六之二 南蛮河豚

「これは南蛮河豚なんばんふぐではないか」


 俺が呆然と漏らすと、源内が眉を上げ、自慢げに笑った。


「いかにも南蛮河豚だ」

「しかし、かような値の張る魚をこんなにか」

「そうだ。自慢のお宝よ」

「陽高、それはなんだ。うまいのか。見た目は妙だが、それなら試してもいいぞ」


 水樽に手を差し入れようとして、アサルは手を払われて怒られている。


「南蛮河豚は、渡りの魚だ」

「さよう、天渡りの魚だ。粟特の女よ、空を遠くまで渡る魚は色々知られておる」


 源内が引き継ぐ。


「中でも得難く値千金なものが幾つかある。高く渡り過ぎて滅多に捕らえられず、誰もその実をよく知らん、おひょう。

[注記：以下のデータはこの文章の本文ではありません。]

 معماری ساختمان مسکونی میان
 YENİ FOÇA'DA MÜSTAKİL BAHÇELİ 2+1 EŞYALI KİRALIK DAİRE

こいつは畳二枚ほどもある大魚だ。次に、粉にして飲めば長生きできると噂の、竜宮使りゅうぐうのつかい。反物並に長細く透き通りたる奴で、いつも東向きにしか渡らない不思議の魚だ。他にも幾つかあるが、特に貴重なのが、この南蛮河豚よ。こいつにはふみ書付かきつけを持たせる事ができるのだ」

「書付を……」


 アサルが不思議そうに呟く。


「そうだ。育てた地の土や飼い主の血などを少し水に混ぜれば、その匂いを辿って渡らせられる。異国での調べの実りを書付にし、南蛮河豚に持たせて弟子の元まで渡らせるわけだ。これなら途上儂が死んでも、そこまでの見聞きは残るでな。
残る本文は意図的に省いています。